What you need to do:
Make an exact copy of all the data, pictures excluded.

Given material:
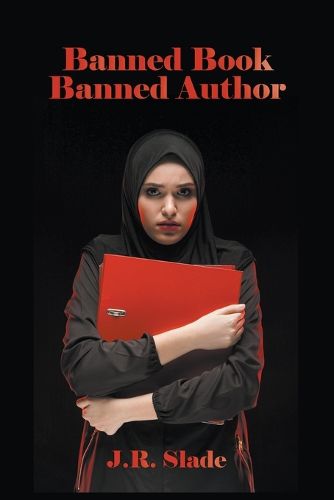 Cover image for Banned Book Banned Author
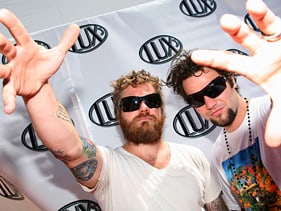 Ryan Dunn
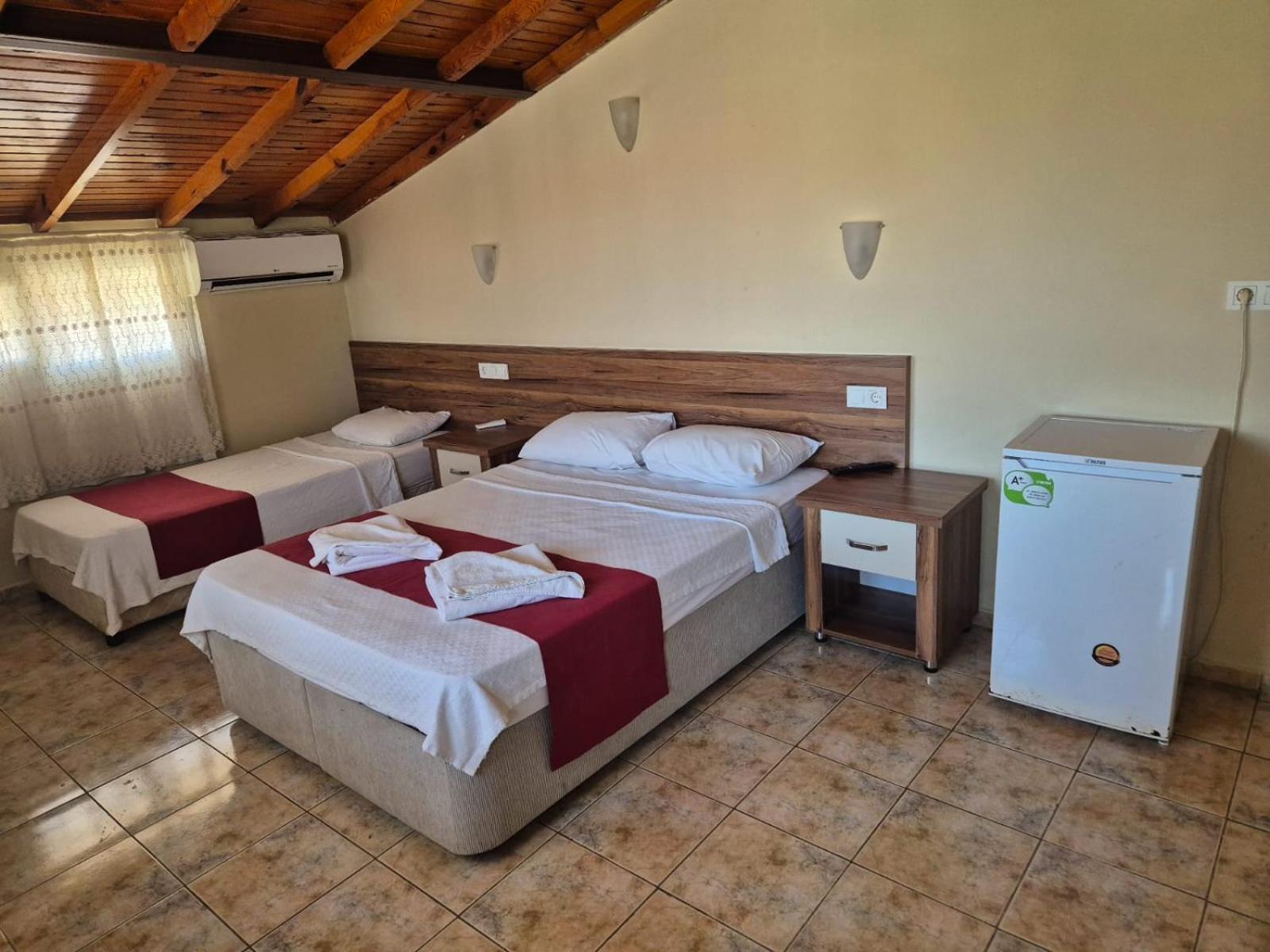 Apart Otel Dove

Expected answer:
 Cover image for Banned Book Banned Author
 Ryan Dunn
 Apart Otel Dove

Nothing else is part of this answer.